Photo by NIKOLAY OSMACHKO from Pexels

I never saw myself still nursing my toddler at age 2 and a half. I had always said that when they can form full sentences to ask to nurse then that was too old. But here I am. Nursing my toddler/soon-to-be preschooler who can ask to nurse in full sentences.

"wow! She's still nursing? Isn't she 2?"
"You're a big girl now, you can't nurse forever"
"Aren't you tired?" (yes, I'm very tired)
"She's nursing more than a baby"
"Don't you plan to wean her?"
"You need to wean her soon"

These are just some of the many things I hear on a regular basis by well meaning friends and family members. The implication is often that I'm getting some sort of sick pleasure from nursing beyond acceptable limits and that somehow I'm damaging my daughter or making her into some kind of breast-monster. Or that I'm being very lazy and taking the easy way out by not weaning her.
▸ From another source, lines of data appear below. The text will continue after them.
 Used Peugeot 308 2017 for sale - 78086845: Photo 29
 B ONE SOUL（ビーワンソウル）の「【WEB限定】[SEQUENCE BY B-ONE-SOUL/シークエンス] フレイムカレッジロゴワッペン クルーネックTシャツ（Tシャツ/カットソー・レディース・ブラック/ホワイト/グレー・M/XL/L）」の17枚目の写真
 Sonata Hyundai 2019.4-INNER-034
So let me set the record straight once and for all.

Yes, I am tired.

I am tired (I'm writing this article at 3.30am after some night nursing that woke me up). I no longer love nursing all the time like I used to. I miss sleep. I miss having my body to myself and not having my clothes clawed at by a little human all the time. I'm tired of the constant requests to nurse and for the soreness that comes with it. I'm touched-out and sleep deprived (for almost 3 years!).

But there are moments where I still cherish it. The moment when she is upset or sad and I can give her something that soothes all her troubles and puts her at peace. Maybe I've been out at work all day and she missed me. Maybe she's in new surroundings, with new people, and feels unsettled. Maybe she's just had a hard day or a fall or hurt herself. Because whatever you may think about it, with your judgmental adult eyes, it is her favourite thing in the world. It is her safe place.
Her eyes shine when I say yes to a request to nurse and she laughs and smiles with pure joy and elation. Nursing to her is pure and innocent and warm and loving. It makes her so happy that she is often driven to hysterical laughter in anticipation.
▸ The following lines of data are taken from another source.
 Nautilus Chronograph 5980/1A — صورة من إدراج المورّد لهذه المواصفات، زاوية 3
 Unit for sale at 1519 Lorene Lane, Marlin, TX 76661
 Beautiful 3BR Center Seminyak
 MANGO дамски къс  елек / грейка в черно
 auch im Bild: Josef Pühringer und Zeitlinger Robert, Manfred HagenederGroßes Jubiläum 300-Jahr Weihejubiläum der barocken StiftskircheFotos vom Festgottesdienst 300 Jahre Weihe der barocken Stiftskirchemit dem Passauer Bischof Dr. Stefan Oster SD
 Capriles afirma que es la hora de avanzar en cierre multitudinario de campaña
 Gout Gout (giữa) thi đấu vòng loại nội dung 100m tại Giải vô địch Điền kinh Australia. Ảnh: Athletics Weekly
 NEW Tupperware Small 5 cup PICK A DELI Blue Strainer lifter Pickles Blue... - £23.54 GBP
Don't get me wrong, if my daughter decided tomorrow that she no longer wanted to nurse I would be happy (yes, there would be a tinge of sadness as a chapter closes - like when your kid goes to school for the first time - but that is normal). I would love to get my body back and to (hopefully) get some more sleep.

And don't assume I haven't tried. I have. Granted, I have tried in small gentle ways. To get her to nurse less (pretty impossible) or to distract her with other things like toys or snacks (works sometimes). But I'm not yet ready to let her cry herself to sleep because I refuse to nurse her. Or leave her screaming on the floor when she wants to nurse and I say no. Because this is what you're asking me to do - with your judgmental looks and loaded words.
I'm not being lazy. Nursing is hard. It is draining. Nursing a toddler is so very different from nursing a baby and is super challenging in its own right. I'm trying to be a good parent. I'm trying not to break my daughter's heart. Take away her safe place. Her comfort. Her favourite thing in the whole wide world.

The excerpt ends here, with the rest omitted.